Register Guidelines E-Books Today's Posts Search

Go Back   MobileRead Forums > E-Book Software > Calibre

Notices

Closed Thread
 
Thread Tools Search this Thread
Old 05-09-2010, 07:24 AM   #346
eboyhan
PandaMuse
eboyhan doesn't littereboyhan doesn't litter
 
eboyhan's Avatar
 
Posts: 104
Karma: 104
Join Date: Nov 2009
Location: Florida
Device: kindle dx, kindle touch SO, kindle fire, kindle fire hd8.9
Thumbs up

Quote:
Originally Posted by itimpi View Post

Would this meet your requirements?
It might, I'll have to delve deeper into Calibre. Since I have over 1000 print books, is there any way to bulk import ISBNs? I can easily get some or all of the metadata maintained by Gurulib exported into Excel, CSV, or XML formats.

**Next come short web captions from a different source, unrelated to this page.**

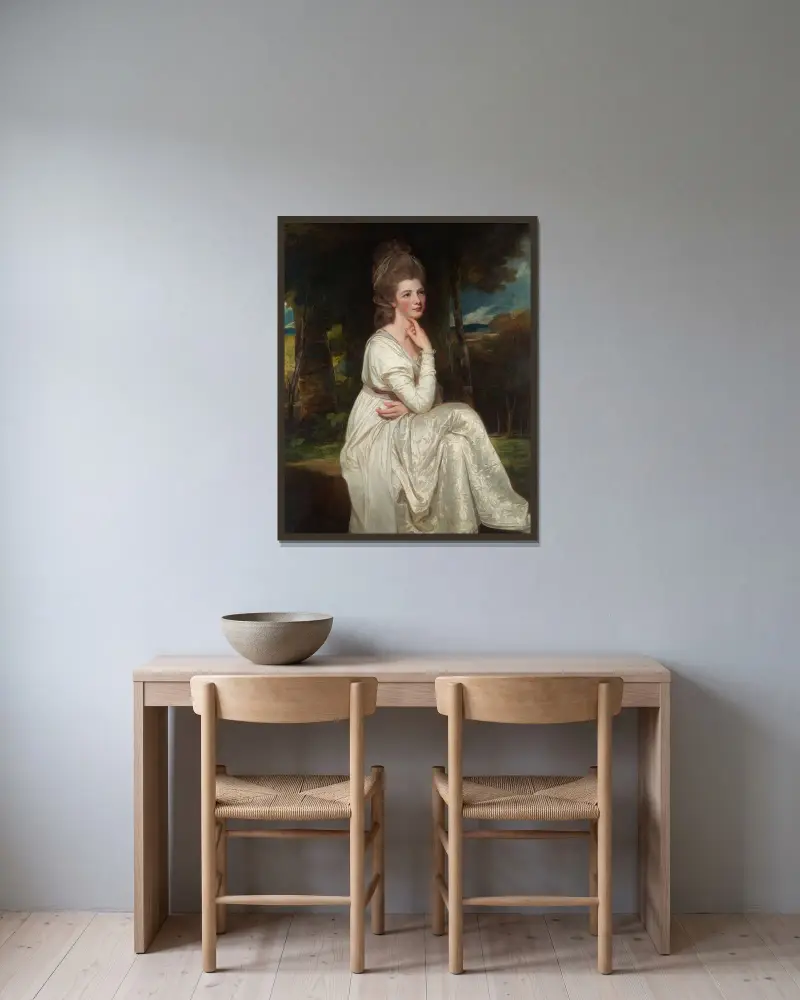 Lady Elizabeth Stanley (1753–1797), grevinna av Derby av George Romney inramad på en vägg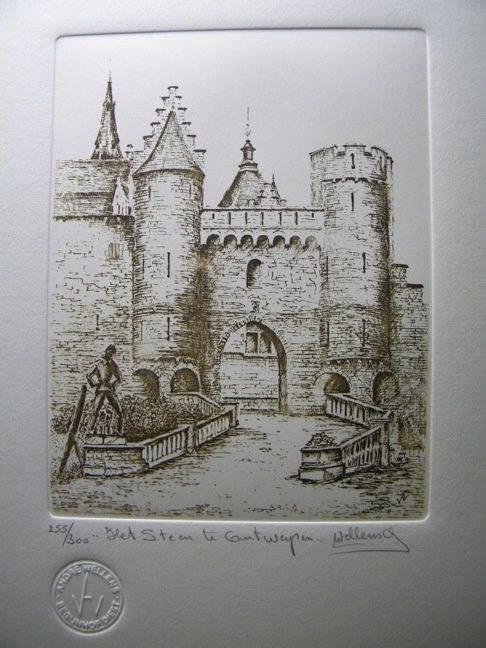 Desenho intitulada "Het steen" por Andre Wellens, Obras de arte originais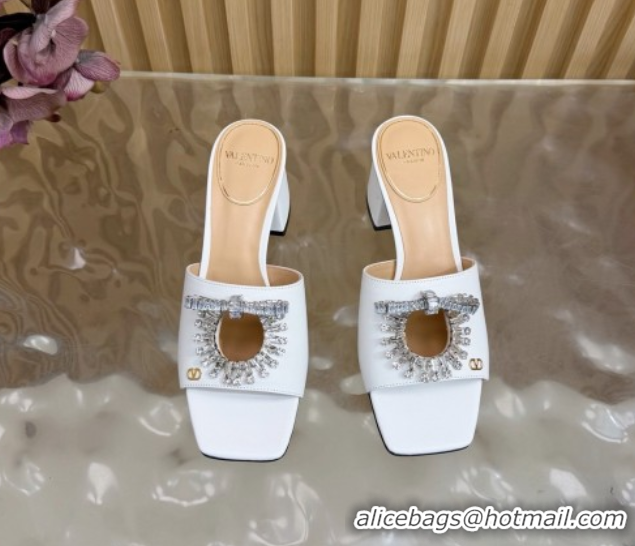 Good Looking Valentino Strass Embellished Heel Slides Sandal 6cm in Calfskin Leather White VLTN121509 51215124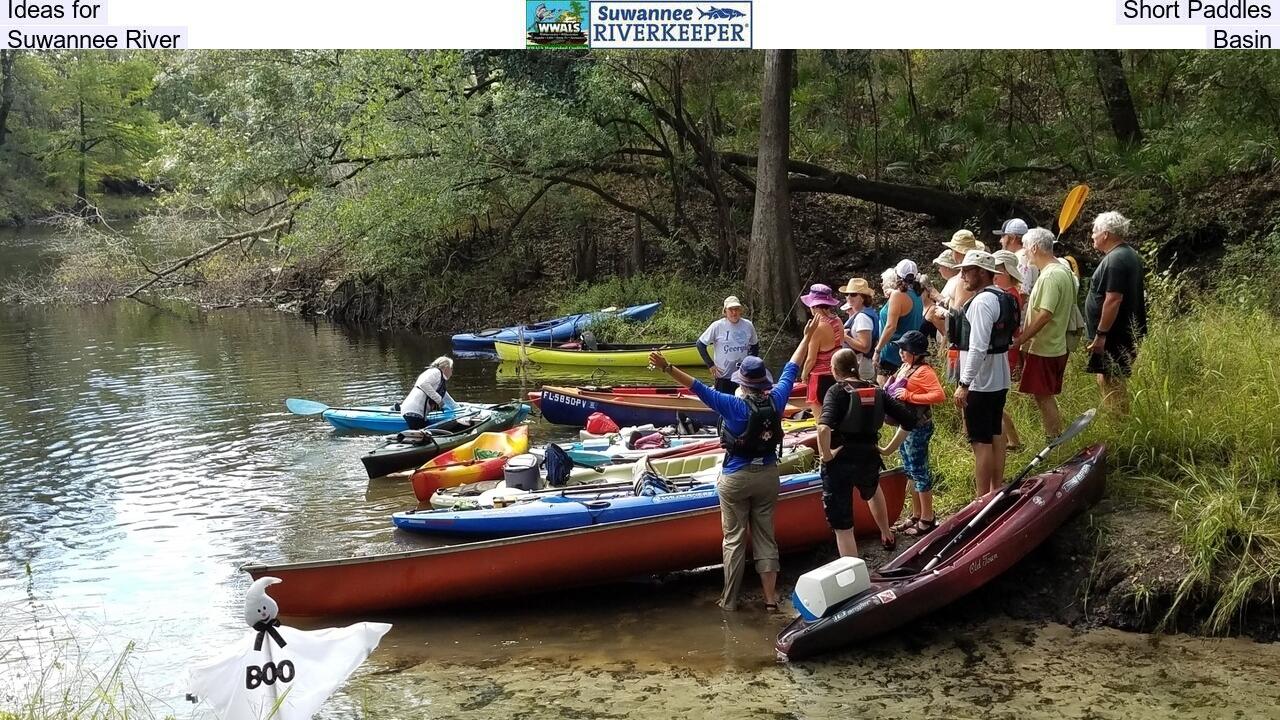 Ideas for Short Paddles, Suwannee River Basin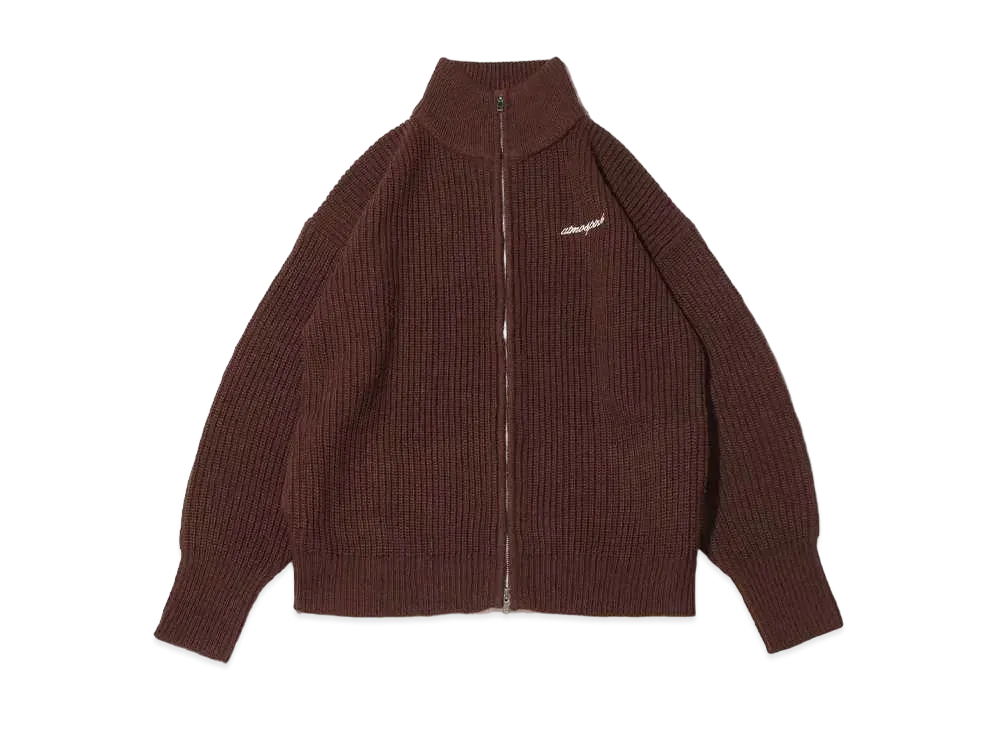 atmos pink Double Zip Knit Cardigan "Brown"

Okay, since my original answer here I have delved into the calibre user manual more deeply, played around with the calibre "add empty book" facility, the "edit metadata in bulk", calibredb.exe, etc.

One problem that I found right off the bat is that the calibre user manual predates when the add empty book capability was added. I can only find a few posts (after googling around) related to the add empty book facility -- and they weren't particularly helpful in describing how one might add empty books in bulk. Also I could find no documentation at all as to how one might use calibredb to add empty books.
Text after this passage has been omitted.